A ranking Israeli Embassy official, in giving a somewhat different version of what happened, said yesterday that Israeli officials were first told on Monday that the United States did not want any personnel involved in the Pollard case to return to Israel.

"We told them on Tuesday and Wednesday [that] ever since Monday nobody has left here," the Israeli official said.

"It's a courtesy on our part [to agree to keep diplomats here]," the Israeli official said. "If these people left, they did before the U.S. asked for our courtesy on this."

A U.S. official familiar with the discussions with the Israelis said that following Rosenne's meeting Wednesday with Michael H. Armacost, undersecretary for political affairs, an embassy official notified the State Department that Rosenne's assurances that no one had returned to Israel might be incorrect.

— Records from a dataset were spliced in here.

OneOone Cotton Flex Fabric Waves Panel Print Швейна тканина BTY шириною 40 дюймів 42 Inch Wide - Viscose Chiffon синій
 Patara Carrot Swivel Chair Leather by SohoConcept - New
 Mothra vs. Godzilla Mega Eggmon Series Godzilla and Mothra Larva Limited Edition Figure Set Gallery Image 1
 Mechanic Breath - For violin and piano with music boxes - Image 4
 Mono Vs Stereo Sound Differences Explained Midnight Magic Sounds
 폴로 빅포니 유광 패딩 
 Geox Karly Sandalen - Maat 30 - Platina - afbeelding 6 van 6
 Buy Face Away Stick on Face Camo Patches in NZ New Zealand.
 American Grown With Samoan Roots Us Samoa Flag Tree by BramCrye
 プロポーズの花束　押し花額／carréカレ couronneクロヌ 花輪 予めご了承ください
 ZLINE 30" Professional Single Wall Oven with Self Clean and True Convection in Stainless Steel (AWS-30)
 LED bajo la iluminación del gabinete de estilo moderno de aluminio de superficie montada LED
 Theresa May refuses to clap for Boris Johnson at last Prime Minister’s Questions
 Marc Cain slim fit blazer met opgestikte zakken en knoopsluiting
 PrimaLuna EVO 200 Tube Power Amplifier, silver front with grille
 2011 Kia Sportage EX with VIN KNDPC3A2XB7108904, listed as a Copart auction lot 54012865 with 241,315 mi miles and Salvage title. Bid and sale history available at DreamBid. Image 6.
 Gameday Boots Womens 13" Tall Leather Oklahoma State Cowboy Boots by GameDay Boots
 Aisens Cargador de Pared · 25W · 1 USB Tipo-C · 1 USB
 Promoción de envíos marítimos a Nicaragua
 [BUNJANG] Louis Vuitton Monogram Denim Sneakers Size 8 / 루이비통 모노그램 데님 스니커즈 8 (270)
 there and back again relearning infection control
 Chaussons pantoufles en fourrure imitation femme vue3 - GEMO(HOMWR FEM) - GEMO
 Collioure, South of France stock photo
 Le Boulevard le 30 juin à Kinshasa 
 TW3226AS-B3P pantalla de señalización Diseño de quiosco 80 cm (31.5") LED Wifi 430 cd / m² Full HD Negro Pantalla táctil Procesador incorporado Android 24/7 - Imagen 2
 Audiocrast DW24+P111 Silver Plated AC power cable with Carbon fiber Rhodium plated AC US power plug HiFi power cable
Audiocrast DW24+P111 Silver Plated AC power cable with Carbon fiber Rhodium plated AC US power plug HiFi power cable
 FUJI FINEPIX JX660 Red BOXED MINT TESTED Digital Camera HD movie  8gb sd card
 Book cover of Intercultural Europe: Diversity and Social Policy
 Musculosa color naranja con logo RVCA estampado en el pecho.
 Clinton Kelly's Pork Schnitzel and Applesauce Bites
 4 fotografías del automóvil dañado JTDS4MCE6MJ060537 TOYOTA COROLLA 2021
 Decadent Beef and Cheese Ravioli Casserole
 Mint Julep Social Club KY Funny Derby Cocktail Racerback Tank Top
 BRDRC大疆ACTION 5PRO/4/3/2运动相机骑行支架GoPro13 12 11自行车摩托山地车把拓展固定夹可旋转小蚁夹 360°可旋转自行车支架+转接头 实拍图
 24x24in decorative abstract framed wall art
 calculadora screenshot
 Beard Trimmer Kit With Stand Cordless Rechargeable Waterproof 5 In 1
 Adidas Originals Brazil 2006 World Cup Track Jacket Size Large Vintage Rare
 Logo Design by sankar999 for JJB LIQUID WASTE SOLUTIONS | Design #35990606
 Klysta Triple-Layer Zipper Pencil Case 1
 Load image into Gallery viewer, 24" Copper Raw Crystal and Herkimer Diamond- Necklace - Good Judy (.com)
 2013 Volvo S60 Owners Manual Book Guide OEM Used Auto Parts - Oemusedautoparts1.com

The unidentified embassy official told the State Department that after Rosenne's meeting with Armacost the embassy had learned unofficially that some officials might have left.

Rosenne, who was unavailable for comment yesterday, said in an interview Wednesday night that Israel was cooperating fully with the United States and that the results of Israel's investigation into the Pollard affair would be reported completely.

Yesterday, in what may have been a response to the U.S. complaints of lack of cooperation, Israeli state-run television reported that Prime Minister Shimon Peres' inner cabinet had decided to return to the United States any documents obtained from Pollard.

U.S. officials said the State Department had asked for the return of such documents at the Nov. 21 meeting, when it requested interviews with any Israeli diplomats possibly involved with Pollard.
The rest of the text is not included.